Me fijo en uno de los puestos, uno de los carros de venta de quesos, por ejemplo. El olor a queso sale suave del carro ubicado casi al final de la cuadra, donde termina la feria. Arriba, alta e inaccesible como una jefa, está la dueña del pequeño negocio. Una mujer común y corriente, afable y con una voz particular. La miro con interés. Saca finas lascas de queso con su cuchilla y las entrega a una anciana diminuta, y enseguida a una muchacha risueña, y rápidamente a una niña de unos cuatro años.

Siempre se me acepta un pedazo de queso, dice con su voz grave, y entonces veo la cuchilla apareciendo y el brazo estirándose para que la niña pueda desprender la lasca sin lastimarse. La oímos reírse cuando la niña saca la lasca con éxito. Las cuatro o cinco personas que estamos allí de pie y esperando nos reímos también, con ella.

Todo lo que vendemos acá es comestible, la escucho decir. Hasta los táperes estos, dice, mostrando al público un táper de plástico con algo adentro. Y enseguida continúa cortando y guardando grandes pedazos de queso, sacando y guardando pequeñas cosas, poniendo nueces en una bolsa del tamaño de una billetera, y también cereales, avellanas y pasas. Cada tanto se seca las manos en el delantal azul y uno, cualquiera, podría imaginar los dos o tres delantales que tendrá siempre en su casa, limpios y listos para usarse, para poder llevar adelante y con dignidad su jornada.

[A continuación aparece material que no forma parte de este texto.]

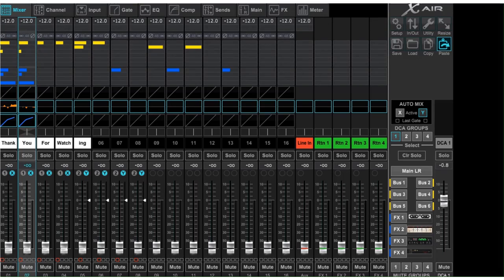So there you have a very brief overview of how everything is laid out. There's still lots of information to go into about how all of this is used, but that will be for further videos.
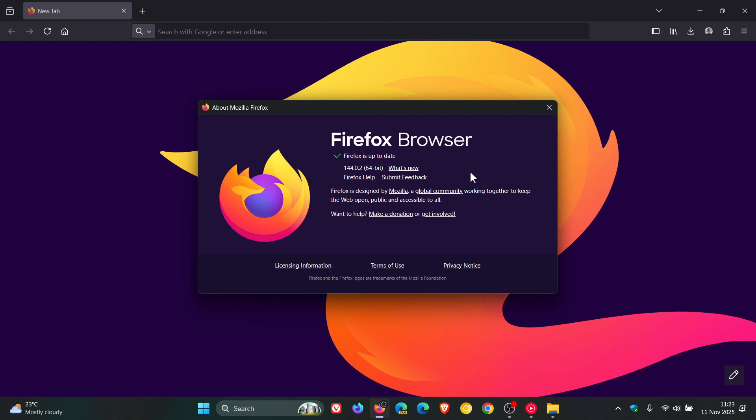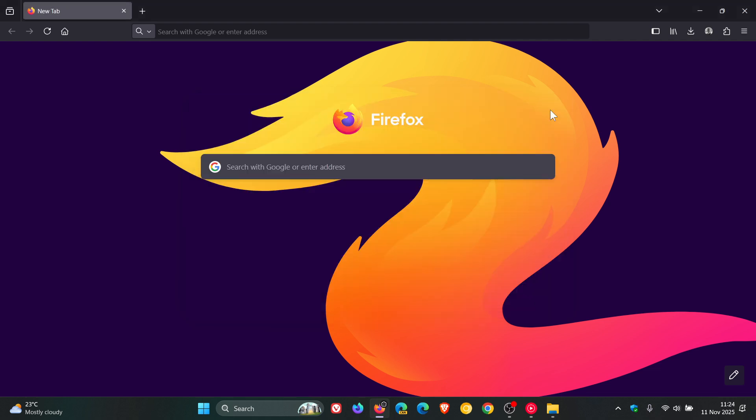Now just to let you know that with the latest version rolling out later today, version 145 will obviously now not support 32-bit Linux systems so just a quick heads up because Firefox 144 was the last release for those 32-bit devices and going forward now Firefox 145 and all versions after it will require a 64-bit setup.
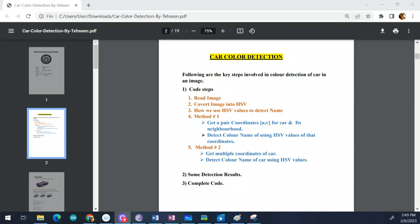Hello everyone, hope you all are fine. In today's video I'm going to explain one of my assignments: deduction of color from a car. So the code is — if you have a picture or image of any car, you should tell what is the color of that car. It's very difficult because if you increase the brightness and different other impacts like intensity, these are not relevant to the color itself, so there are different things you need to consider.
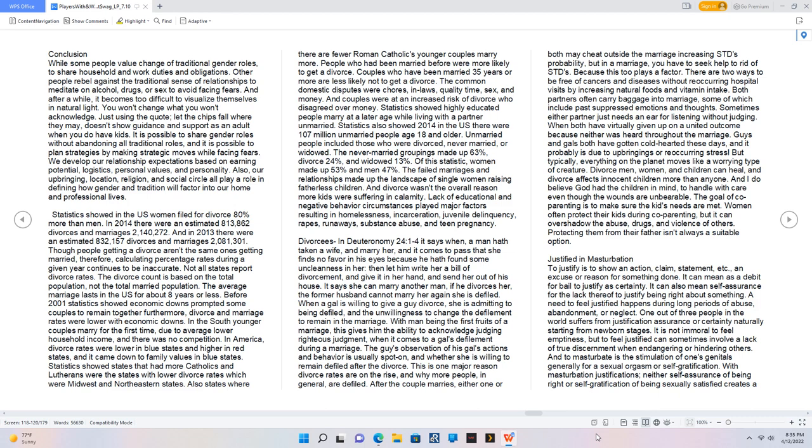There are two ways to be free of cancers and diseases without reoccurring hospital visits by increasing natural foods and vitamin intake. Both partners often carry baggage into marriage, some of which include past suppressed emotions and thoughts. Sometimes either partner just needs an ear for listening without judging. When both have virtually given up on a united outcome because neither was heard throughout the marriage. Guys and gals both have gotten cold-hearted these days, and it probably is due to upbringings or reoccurring stress. But typically, everything on the planet moves like a worrying type of creature.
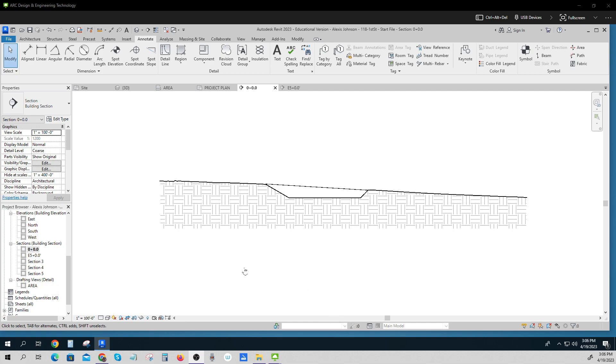Once we have our graphics set right, it's time to annotate. So here I am on my annotate, and 1 equals 100.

Estamos todos en la misma, la oigo decir. Cada tanto dirá ese tipo de frases, algunas como rápidas síntesis existenciales y otras meras muletillas que le facilitarán el trato. La mujer dirá y repetirá esas frases con llamativa gracia y energía, repleta de vitalidad, como si ella misma las hubiese inventado. Desde allí abajo la miro y la envidio un poco. Todos la miramos y la envidiamos un poco. Estamos quietos, como pequeños muñecos de plástico, formando una especie de semicírculo, las cabezas un poco echadas hacia atrás para verla bien, para escucharla.

¿Hoy qué lleva, vecina?, pregunta, enfatizando el “hoy”, y la vecina correspondiente va diciendo su pedido de a poco, para darle tiempo a que encuentre y embolse cada cosa pedida. Parece un juego, uno en el que todos somos parte, y entonces los quesos son rectángulos de plástico, suaves y algo resbaladizos, y las nueces son pequeños trozos de madera, y las pasas, frutos chicos, recogidos por un niño del piso o de una planta cercana. La mujer del carro finge darnos alimentos y nosotros fingimos recibirlos. El dinero que usamos es de juguete, billetes demasiado pequeños, sacados de algún otro juego de caja.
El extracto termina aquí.